Shelly (Pamela Anderson) is a dancer. She’s been with Le Razzle Dazzle, an outdated Las Vegas show that’s full of “breasts, rhinestones and joy”, in her words, for 30 years. And now it’s closing. Where can she go, at the age of 57?
The third feature film from director Gia Coppola (granddaughter of Francis Ford, niece of Sofia; Palo Alto, Mainstream) is an homage to those who struggle to make a living as Vegas show-girls and casino waitresses. The locations, with their desolate flyovers, freeways and neon glitz are atmospheric, but Kate Gersten's script doesn't light up the lives of these girls and women. They remain unexplored and unreal, in spite of impressive performances from co-dancers Kiernan Shipka and Brenda Song, with the fine Dave Bautista as Eddie, the gruff lighting guy.
And Pamela Anderson, acclaimed as Roxie in Bob Fosse’s Chicago on Broadway in 2022, is quite impressive as Shelly, but the part limits her to a wide-eyed, panicked vulnerability, whether sequin-eyelashed or with the no-make-up look she embraces now (pictured above). It doesn’t allow her to show any of the wild wackiness we see in Pamela, A Love Story, the 2023 documentary on Anderson, where she jokes, “My boobs had a career and I was just tagging along”. For Shelly, her topless dancing with Le Razzle Dazzle is deadly serious, in a one-dimensional way.
The white-lipsticked Annette (Jamie Lee Curtis, pictured below), Shelly’s best friend, left Le Razzle Dazzle six years ago to be a cocktail waitress – “I’m a very lucky person. It’s in me.” She takes herself less seriously than Shelly, says she likes being able to drink and gamble on her own time, but she has a bravado that can’t be sustained. Curtis is full of raddled verve, especially in a dance, mainly ignored by the casino punters, to Bonnie Tyler’s Total Eclipse of the Heart. We see the two friends twirling around and laughing against a blurry, rosy sunset, but it’s a clichéd image that doesn’t convey anything much. There's never a Boogie Nights moment that makes them come alive.

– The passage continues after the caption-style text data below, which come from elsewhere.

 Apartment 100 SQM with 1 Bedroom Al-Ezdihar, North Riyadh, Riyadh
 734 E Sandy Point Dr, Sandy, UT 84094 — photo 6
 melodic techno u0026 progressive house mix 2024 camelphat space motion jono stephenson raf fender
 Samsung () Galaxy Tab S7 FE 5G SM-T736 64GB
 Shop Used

Shelly is devastated by the show’s demise. She loves the costumes, the sets, feeling beautiful, feeling seen. “That’s powerful and I can’t imagine my life without it.” Nice words, but said with a contrived fervour that’s finally rather dull and empty.

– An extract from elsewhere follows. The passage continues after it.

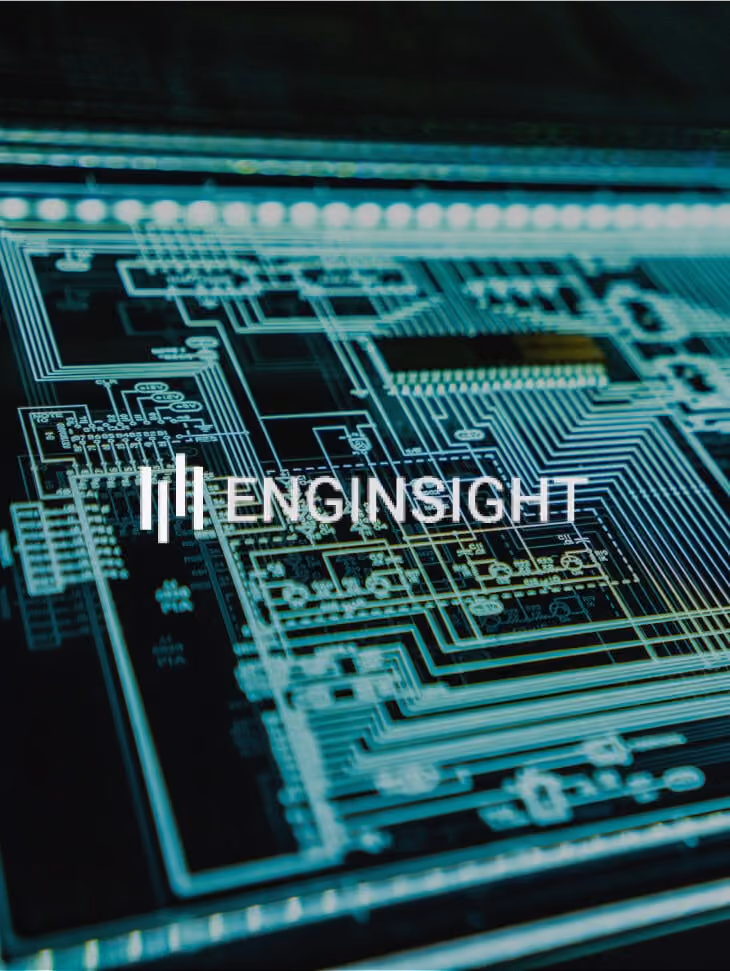 Enginsight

Cynical Jodie and Mary-Anne (Shipka and Song) who have to help the less limber Shelly do up her costumes, are young enough to move on to modern, sexier dance work, involving humping chairs gymnastically, anathema to old-school Shelly. They tell her that Le Razzle Dazzle is a dinosaur; no, she says, it’s Parisian, classy, evocative of another time. “Back in the 80s, American Express photographed us in all different sites. They shot me on the Great Wall of China. It was very special.” Sure, Shell, says Jodie. “Super special.” The grim reality is that she can’t retire. No pension, no medical benefits.
Another unpalatable reality is her needy, dysfunctional relationship with her semi-estranged daughter, Hannah (Billie Lourd), who was partly brought up by another family, though this isn’t explained in any detail. Shelly’s always leaving her desperate, guilt-ridden messages, and is overcome with gratitude when Hannah turns up unexpectedly. She’s a serious person, about go to college to study photography. How great to follow your dream and be part of a community, exclaims Shelly. “It’s pretty solitary,” says Hannah, in a revealing exchange that shows how out of touch - and how annoying - her mother is. “It’s not really a community.”

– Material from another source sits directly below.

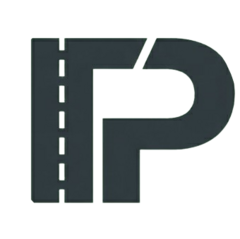 Грузовые Решения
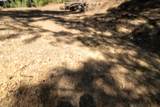Lot3&6 Branson Rn - Photo 10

Hannah can’t forgive Shelly for “leaving me in a casino parking lot with a Game Boy while you did two shows a night.” What’s the point of this lame trash, she asks her mother cruelly, and why did you put it above me? “You’re in the goddamned back of 80 topless dancers.” But Shelly has no regrets, even when, in a brutal audition, a casting director (Jason Schwartzman) spells it out: “Your dance technique isn’t great. You were hired because you were beautiful, young and sexy a long time ago. It’s not what you’re selling any more, baby.” And you can’t help rooting for her when she spits back: “I’m beautiful and I’m 57, you son of a bitch.”